What is the resulting distribution when a Gaussian $$\mathcal{N}(\mu, \sigma^2)$$ is transformed by Sigmoid $$t(x)=\frac{1}{1+e^{-x}}$$.

I tried to derive and got the following \begin{aligned} \log y&=x-\log (1+e^x)\\ x&=\frac{1}{\sqrt{2\pi\sigma}}\exp(-\frac{(x-\mu)^2}{2\sigma^2}) \end{aligned} But the $$\log(\cdot)$$ seems to be intractable when I plug $$x$$ in.

I also tried to simulate this process and got It seems that the resulting distribution is still Gaussian (with some elevation and shrinking in magnitude). But I still would like to know the theoretical derivation.

Could someone help me and my friend? Thank you in advance.

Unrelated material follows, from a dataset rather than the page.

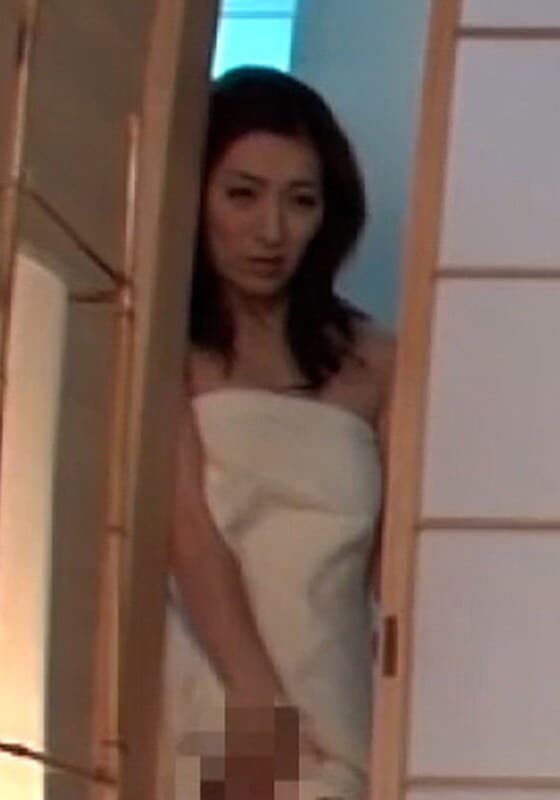 ムラムラ熟女が全裸で肉棒狩り!淫気爆発で本能丸出し生嵌め狂い!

• 1. Your question (specifically the quoted part) uses the same symbol ($\sigma$) for two entirely different things. This will likely lead to disaster. 2. By "passed through" I take it you mean "transformed by", i.e. if $X\sim N(\mu,\sigma^2)$ you're seeking the density of $Y=t(X)$ where $t(x) = 1/[1+\exp(-x)]$? – Glen_b -Reinstate Monica Nov 8 '19 at 4:43
• @Glen_b Sorry about the confusion. Will update the question. – Mr.Robot Nov 8 '19 at 4:47
• Do you seek methodology (how do I compute the density of a transformed random variable?) or just the answer -- it's (a well known distribution with its own wikipedia page and many questions about it on site). – Glen_b -Reinstate Monica Nov 8 '19 at 4:49
• @Glen_b I didn't know this. Could you provide a pointer to this page. Also, it would be great if you could help me with the derivation. – Mr.Robot Nov 8 '19 at 4:52
• 1. An example of a previous question is here: Distribution of a logit transform of a normal random variable 2. Wikipedia on How to transform random variables 3. Wikipedia on the resulting distribution, the logit-normal – Glen_b -Reinstate Monica Nov 8 '19 at 5:05

Hint: Let $$Y$$ be the random variable obtained by taking a sigmoid of a normal random variable, $$X$$.
This means that $$\operatorname{logit}(Y)$$ is normal. We might call this a ______ normal random variable.